To improve the accuracy of the forecast methodology proposed in the present work, the FFNN algorithm is executed two times. First, electric load measurements are used as input for FFNN to obtain the first iteration of the load forecast. Afterwards, comparing the obtained values with the measured values, it is possible to compute the errors of the method. These errors are used as inputs for a second FFNN predictor. Finally, the errors forecasts are merged with the initial loads forecasts to obtain the global loads forecasts. This process is illustrated in
Figure 2.
4. Conclusions
The proposed methodology utilized an FFNN for both initial and error forecasts as the error time series often contains useful information that can be used to improve initial estimations. After a careful state-of-the-art review and an extensive data preliminary analysis, the models were created. A search for the best model inputs and parameter configurations was also conducted.
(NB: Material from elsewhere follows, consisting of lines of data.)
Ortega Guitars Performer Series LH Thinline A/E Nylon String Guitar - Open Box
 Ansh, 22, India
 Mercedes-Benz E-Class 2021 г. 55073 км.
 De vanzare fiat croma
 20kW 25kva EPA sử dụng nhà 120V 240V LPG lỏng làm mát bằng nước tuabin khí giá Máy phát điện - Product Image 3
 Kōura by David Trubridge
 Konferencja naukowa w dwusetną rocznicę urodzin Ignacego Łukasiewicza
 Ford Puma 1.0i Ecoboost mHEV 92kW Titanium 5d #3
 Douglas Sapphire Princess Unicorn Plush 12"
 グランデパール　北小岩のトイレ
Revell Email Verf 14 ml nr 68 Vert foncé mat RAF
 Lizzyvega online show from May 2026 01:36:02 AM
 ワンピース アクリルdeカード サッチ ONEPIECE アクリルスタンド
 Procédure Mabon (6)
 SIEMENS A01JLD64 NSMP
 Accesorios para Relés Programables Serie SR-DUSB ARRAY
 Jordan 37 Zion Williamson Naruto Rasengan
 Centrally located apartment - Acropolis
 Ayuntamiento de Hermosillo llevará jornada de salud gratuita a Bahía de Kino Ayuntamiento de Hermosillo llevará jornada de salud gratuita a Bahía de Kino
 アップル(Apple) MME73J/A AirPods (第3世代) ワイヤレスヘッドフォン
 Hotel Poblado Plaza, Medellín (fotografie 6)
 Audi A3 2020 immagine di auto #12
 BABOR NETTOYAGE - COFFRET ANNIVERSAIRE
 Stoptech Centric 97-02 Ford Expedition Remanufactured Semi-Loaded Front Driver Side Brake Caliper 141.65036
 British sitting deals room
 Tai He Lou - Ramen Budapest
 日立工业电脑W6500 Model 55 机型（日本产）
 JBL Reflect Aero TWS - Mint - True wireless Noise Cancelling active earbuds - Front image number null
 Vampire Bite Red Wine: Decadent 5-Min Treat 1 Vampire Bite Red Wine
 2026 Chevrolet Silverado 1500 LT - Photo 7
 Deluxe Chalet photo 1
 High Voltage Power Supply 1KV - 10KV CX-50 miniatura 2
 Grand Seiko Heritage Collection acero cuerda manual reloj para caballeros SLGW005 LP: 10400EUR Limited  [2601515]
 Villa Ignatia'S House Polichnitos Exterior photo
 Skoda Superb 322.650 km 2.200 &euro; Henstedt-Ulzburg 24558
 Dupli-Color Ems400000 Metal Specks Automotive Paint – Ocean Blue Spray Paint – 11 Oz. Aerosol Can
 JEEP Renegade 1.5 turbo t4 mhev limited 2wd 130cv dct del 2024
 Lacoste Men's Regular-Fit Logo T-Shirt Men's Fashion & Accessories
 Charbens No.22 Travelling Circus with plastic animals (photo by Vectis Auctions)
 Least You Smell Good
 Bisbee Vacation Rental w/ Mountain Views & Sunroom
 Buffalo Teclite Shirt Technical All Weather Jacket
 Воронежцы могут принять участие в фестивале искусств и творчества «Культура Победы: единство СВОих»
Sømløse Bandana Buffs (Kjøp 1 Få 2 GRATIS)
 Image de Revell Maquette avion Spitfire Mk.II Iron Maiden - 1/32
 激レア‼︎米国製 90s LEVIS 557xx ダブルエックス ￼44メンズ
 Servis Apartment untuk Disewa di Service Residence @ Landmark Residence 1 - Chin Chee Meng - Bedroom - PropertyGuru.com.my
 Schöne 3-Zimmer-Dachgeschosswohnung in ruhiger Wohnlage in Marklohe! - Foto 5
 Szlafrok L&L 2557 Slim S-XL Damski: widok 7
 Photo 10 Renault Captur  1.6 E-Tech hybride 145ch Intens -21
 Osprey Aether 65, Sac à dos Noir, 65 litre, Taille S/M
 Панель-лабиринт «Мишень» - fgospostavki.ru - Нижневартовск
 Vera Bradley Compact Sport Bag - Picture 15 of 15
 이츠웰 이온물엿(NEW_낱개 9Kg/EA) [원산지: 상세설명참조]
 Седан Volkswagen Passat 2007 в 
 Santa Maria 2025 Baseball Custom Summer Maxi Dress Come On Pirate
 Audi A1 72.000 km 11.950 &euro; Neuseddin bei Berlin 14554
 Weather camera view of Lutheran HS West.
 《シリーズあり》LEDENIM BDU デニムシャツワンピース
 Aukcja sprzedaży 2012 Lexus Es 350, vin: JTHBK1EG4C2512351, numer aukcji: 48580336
With regard to the electrical load demand forecasts, the data referred to the measured load demand in an industrial area connected to the medium voltage grid and were sampled every 10 min. The forecasts were made for three time horizons: 10 min, 1 h and 12 h ahead. The results demonstrated that the proposed initial models outperformed the linear regression model for the last two horizons, while, for the first, the results were worse than those achieved with a simple persistence model. By comparing the results for the three time scales, it was verified that the forecast accuracy decreased for longer time horizons, which highlights the higher difficulty to make longer forecasts due to the higher uncertainty of the data. Additionally, for very short time scales, the findings suggest that a simpler model can provide better estimates.
The initial electrical load demand forecasting errors analysis showed that the model might not have extracted all the information from the input data as the error distribution was not centered at zero and there was a correlation between a given error and the previous ones. Indeed, the error forecasting models achieved good forecasting accuracy, with a lower RMSE and MAE than the initial models. Furthermore, by combining the predicted error with the initial forecasts, it was possible to improve the initial results significantly for all time scales. Especially for the 10-min-ahead forecasts, the application of the proposed methodology resulted in a more accurate model than the persistence model.
The proposed methodology, including two forecast steps, based on historical data and errors, achieved accurate results in all time horizons when compared with the baseline method. This is a good indicator of the applicability of the method in real scenarios when short-term forecasts are required. To prove the effectiveness of the method, application in larger datasets considering consumers with different profiles will be tested. Depending on the type of consumers, residential, industrial or service buildings, some adjustments can be included in the method, namely the use of more hidden layers in the FFNN. These hidden layers can increase the complexity of the method as well as the execution time. A balance between the effectiveness and efficiency of the method should be identified according to the specific applications.